The following example uses pagination to gather a list of objects from an Amazon S3 bucket. Then it downloads each object to a local file.

package main

import (
	"context"
	"fmt"
	"log"
	"os"
	"path/filepath"

	"github.com/aws/aws-sdk-go-v2/aws"
	"github.com/aws/aws-sdk-go-v2/config"
	"github.com/aws/aws-sdk-go-v2/feature/s3/manager"
	"github.com/aws/aws-sdk-go-v2/service/s3"
)

var (
	Bucket         = "MyBucket" // Download from this bucket
	Prefix         = "logs/"    // Using this key prefix
	LocalDirectory = "s3logs"   // Into this directory
)

func main() {
	cfg, err := config.LoadDefaultConfig(context.TODO())
	if err != nil {
		log.Fatalln("error:", err)
	}

	client := s3.NewFromConfig(cfg)
	manager := manager.NewDownloader(client)

	paginator := s3.NewListObjectsV2Paginator(client, &s3.ListObjectsV2Input{
		Bucket: &Bucket,
		Prefix: &Prefix,
	})

	for paginator.HasMorePages() {
		page, err := paginator.NextPage(context.TODO())
		if err != nil {
			log.Fatalln("error:", err)
		}
		for _, obj := range page.Contents {
			if err := downloadToFile(manager, LocalDirectory, Bucket, aws.ToString(obj.Key)); err != nil {
				log.Fatalln("error:", err)
			}
		}
	}
}

func downloadToFile(downloader *manager.Downloader, targetDirectory, bucket, key string) error {
	// Create the directories in the path
	file := filepath.Join(targetDirectory, key)
	if err := os.MkdirAll(filepath.Dir(file), 0775); err != nil {
		return err
	}

	// Set up the local file
	fd, err := os.Create(file)
	if err != nil {
		return err
	}
	defer fd.Close()

	// Download the file using the AWS SDK for Go
	fmt.Printf("Downloading s3://%s/%s to %s...\n", bucket, key, file)
	_, err = downloader.Download(context.TODO(), fd, &s3.GetObjectInput{Bucket: &bucket, Key: &key})

	return err
}

GetBucketRegion

The GetBucketRegion is a utility function for determining the AWS Region location of an Amazon S3 Bucket.

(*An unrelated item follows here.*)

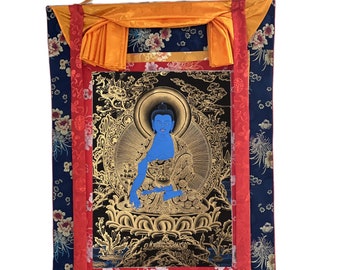 Handbemalter tibetischer Medizin Buddha Thangka - Bhaisajyaguru Kunst für Mitgefühl & Meditation - Seidenbrokat Wandbehang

GetBucketRegion takes an Amazon S3 client and uses it to determine the location of the requested Bucket within the AWS Partition associated with the client’s configured Region.

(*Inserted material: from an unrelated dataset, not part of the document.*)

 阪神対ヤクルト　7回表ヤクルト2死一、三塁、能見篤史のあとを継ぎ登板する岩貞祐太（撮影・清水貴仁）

For example to find the Region for the Bucket my-bucket:

cfg, err := config.LoadDefaultConfig(context.TODO())
if err != nil {
	log.Println("error:", err)
	return
}

bucket := "my-bucket"
region, err := manager.GetBucketRegion(ctx, s3.NewFromConfig(cfg), bucket)
if err != nil {
	var bnf manager.BucketNotFound
	if errors.As(err, &bnf) {
		log.Printf("unable to find bucket %s's Region\n", bucket)
	} else {
		log.Println("error:", err)
	}
	return
}
fmt.Printf("Bucket %s is in %s region\n", bucket, region)

If GetBucketRegion is not able to resolve the location of a Bucket, the function returns a BucketNotFound error type as shown in the example.

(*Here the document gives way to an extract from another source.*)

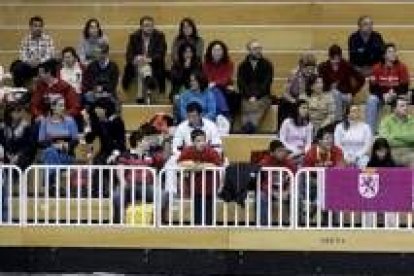 Un grupo de aficionados leoneses acudió al pabellón de Lugo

Unseekable Streaming Input

For API operations like PutObject and UploadPart, the Amazon S3 client expects the value of the Body input parameter to implement the io.Seeker interface by default. The io.Seeker interface is used by the client to determine the length of the value to upload, and to compute payload hash for the request signature. If the Body input parameter value does not implement io.Seeker, your application will receive an error.

operation error S3: PutObject, failed to compute payload hash: failed to seek
body to start, request stream is not seekable

You can change this behavior by modifying the operation method’s Middleware using functional options. The WithAPIOptions helper returns a functional option for zero or more middleware mutators. To disable the client computing the payload hash and use Unsigned Payload request signature add v4.SwapComputePayloadSHA256ForUnsignedPayloadMiddleware.

resp, err := client.PutObject(context.TODO(), &s3.PutObjectInput{
    Bucket: &bucketName,
    Key: &objectName,
    Body: bytes.NewBuffer([]byte(`example object!`)),
    ContentLength: 15, // length of body
}, s3.WithAPIOptions(
    v4.SwapComputePayloadSHA256ForUnsignedPayloadMiddleware,
))

Amazon S3 requires the content length to be provided for all object’s uploaded to a bucket. Since the Body input parameter does not implement io.Seeker interface the client will not be able to compute the ContentLength parameter for the request. The parameter must be provided by the application. The request will fail if the ContentLength parameter is not provided.

Use the SDK’s Amazon S3 Upload Manager for uploads that are not seekable, and do not have a known length.